Embattled social networking site MySpace has been sold by its owner News Corp. to digital media company Specific Media for a rumored $35 million, a deal that clinches the position of Facebook as the lord, king and master of social networking world.

As part of the deal, about half of MySpace's 400-odd employees will lose their jobs while News Corp. will take a minority equity share (reportedly something between 5-10 percent) in Specific Media.

The deal will also see MySpace CEO quit his post after a 2-month transitory period. My time here at MySpace represents the most engaging and challenging time of my professional career, Jones wrote. I have found our team to be comprised of the best people I have come across in our industry.

Specific Media is very happy about the deal as it got MySpace for a steal. MySpace is a recognized leader that has pioneered the social media space. The company has transformed the ways in which audiences discover, consume and engage with content online.

There are many synergies between our companies as we are both focused on enhancing digital media experiences by fueling connections with relevance and interest, he said.
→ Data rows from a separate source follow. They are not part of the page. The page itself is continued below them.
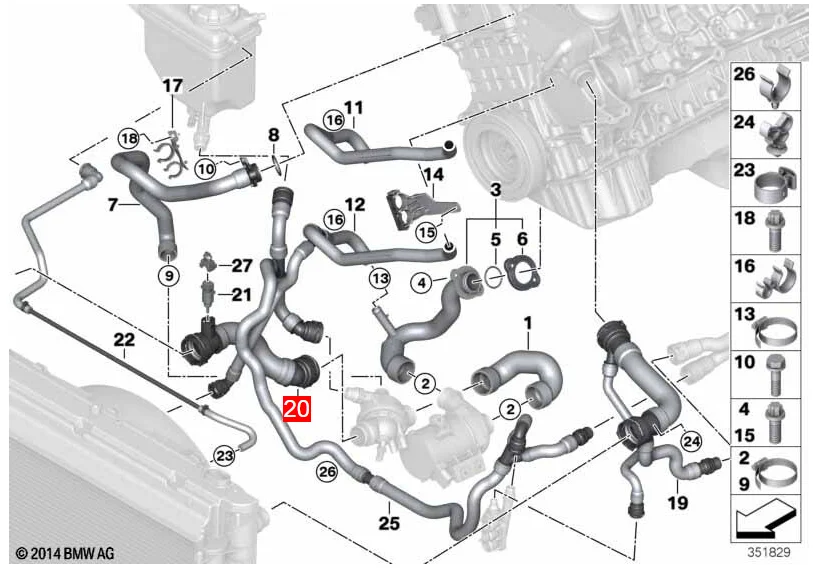 Car engine coolant hose radiator water hose 17127580962 FOR BMW 5/6/7 series F01/F02/F07/F10/F11/F18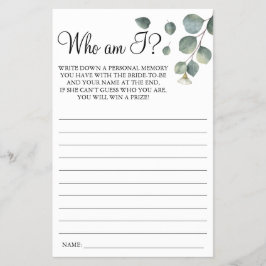 Eucalyptus Who I am Bridal shower game card Flyer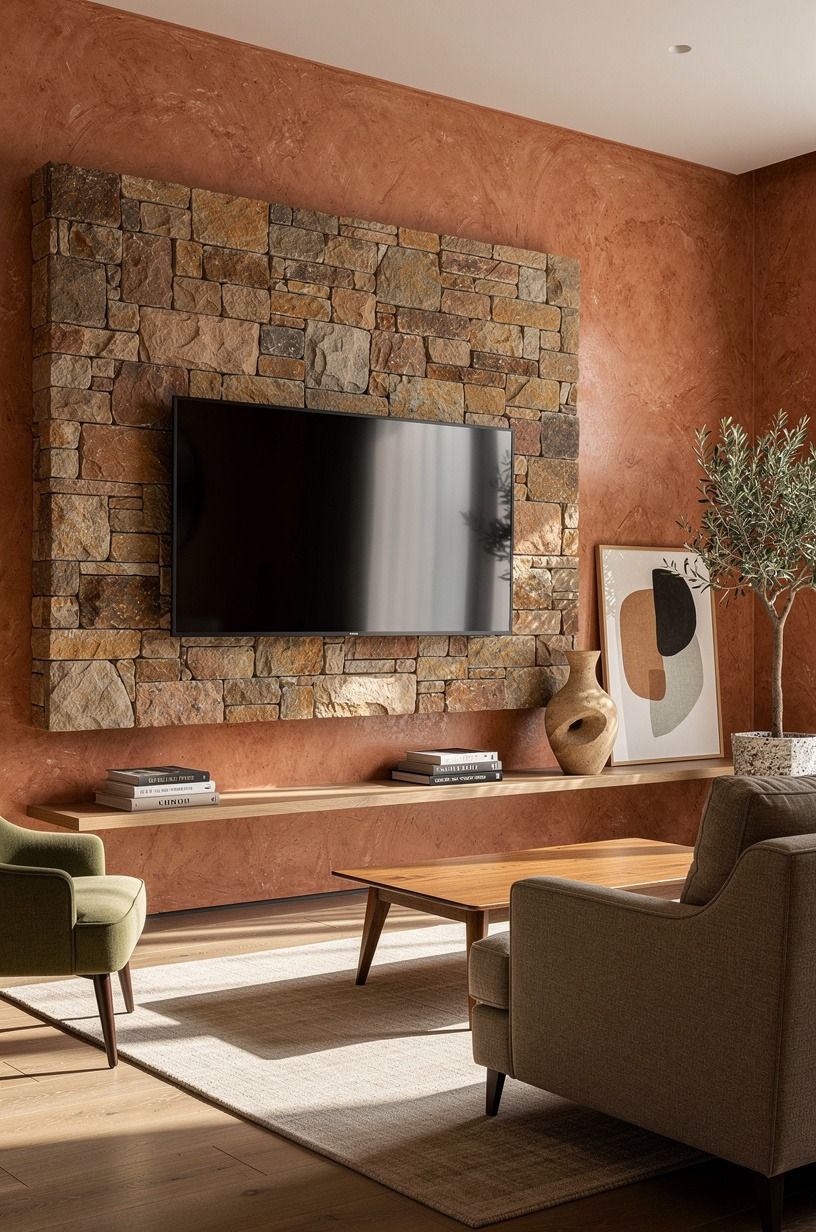 Frame the Latest Media Wall Design With Stone Texture
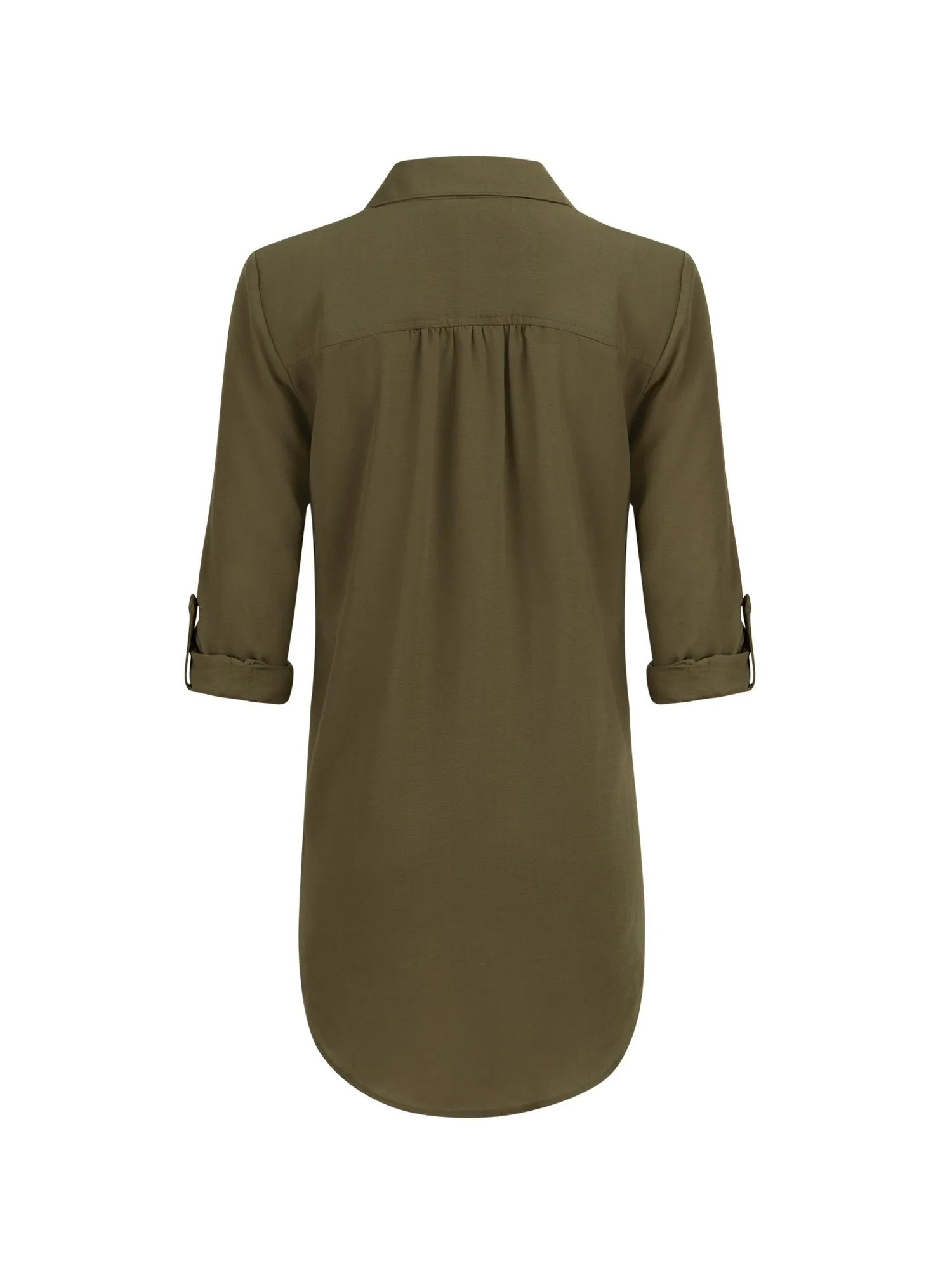 Roll-Tab Sleeve Tunic Top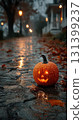 Cozy autumn night with a glowing jack o lantern 131399237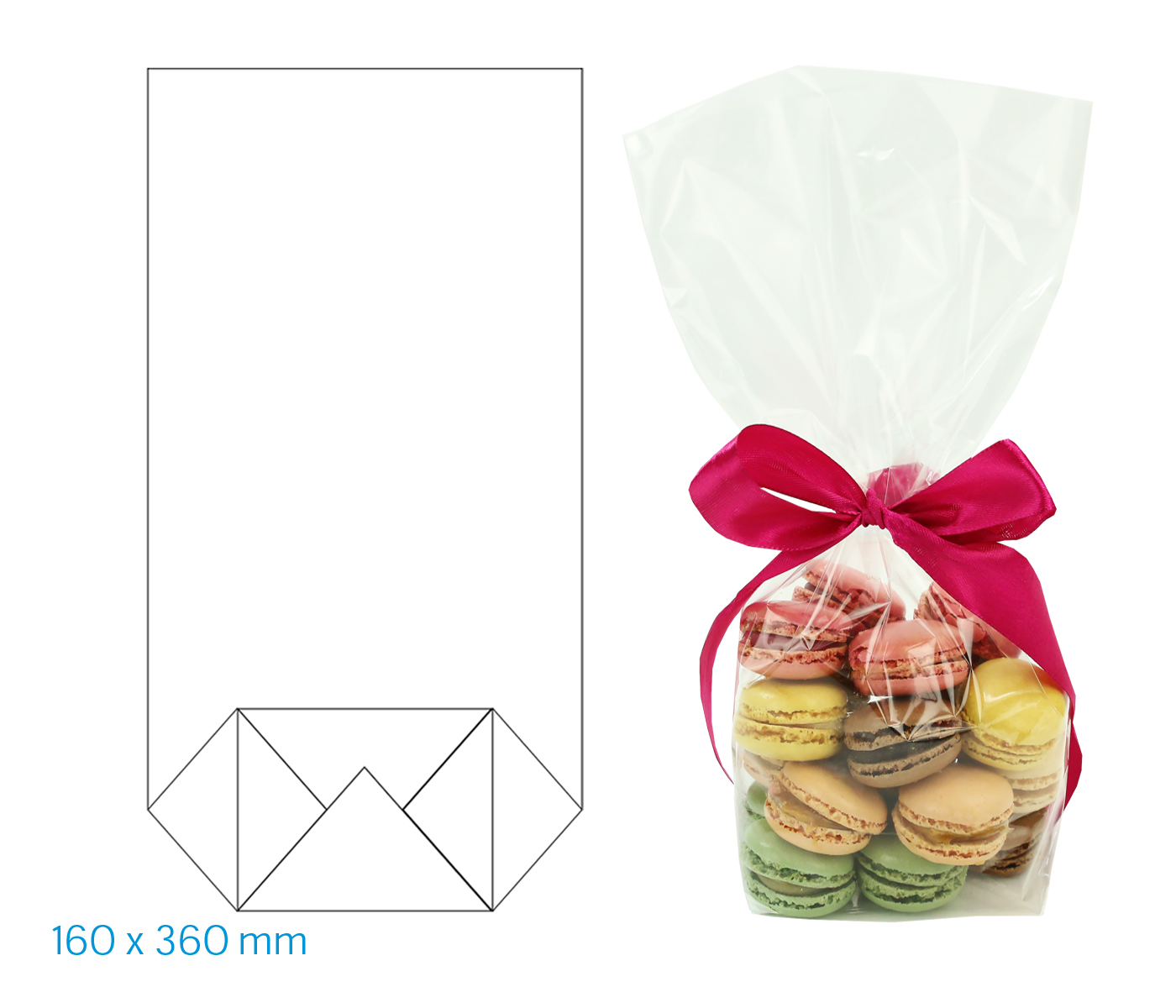 Sáček celofánový 160x360 mm, křížové dno - 1ks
We look forward to combining our platforms to drive the next generation of digital innovation, CEO Tim Vanderhook said in a statement.

The deal will give Specific Media instant access to the data of 30 million-odd MySpace users for targeted advertisements besides giving the company a media platform of its own from where it can sell its ads.
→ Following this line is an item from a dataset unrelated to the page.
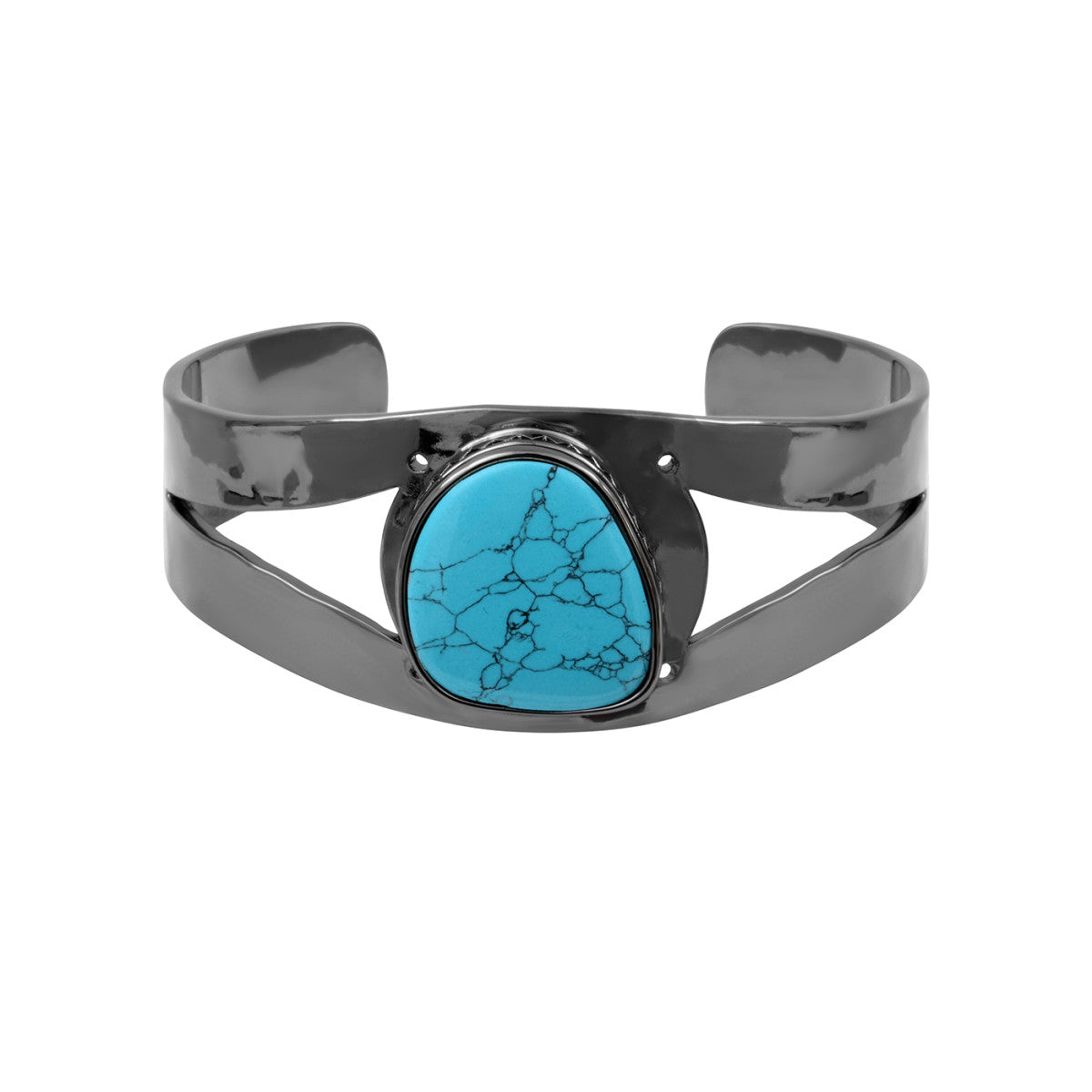 Bracelet manchette ajustable Noto en métal ruthénium et turquoise composite - bleu Ruthenium turquoise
Though the price tag represents a fraction of what News Corp. bought MySpace for, market analysts said News Corp. is better off by putting the loss making site on the block.

News Corp. bought MySpace for $580 million in 2005 as part of its ongoing efforts to drive up digital media traffic.

And, despite undergoing a massive redesign last year, which included remodeling MySpace as an entertainment and music hub, MySpace failed to keep up with No.1 social networking site Facebook.

According to data from Compete.com, MySpace pulled in 30.79 million unique visitors last month, down 6.34 percent compared with the previous month and down 54.47 percent on a year-on-year basis.

On the other hand, Facebook pulled in 142.66 million unique visitors last month, up 3.44 percent compared to previous month and 15.26 percent on a year-to-year basis. Currently, Facebook pulls in nearly 5 times more traffic than MySpace.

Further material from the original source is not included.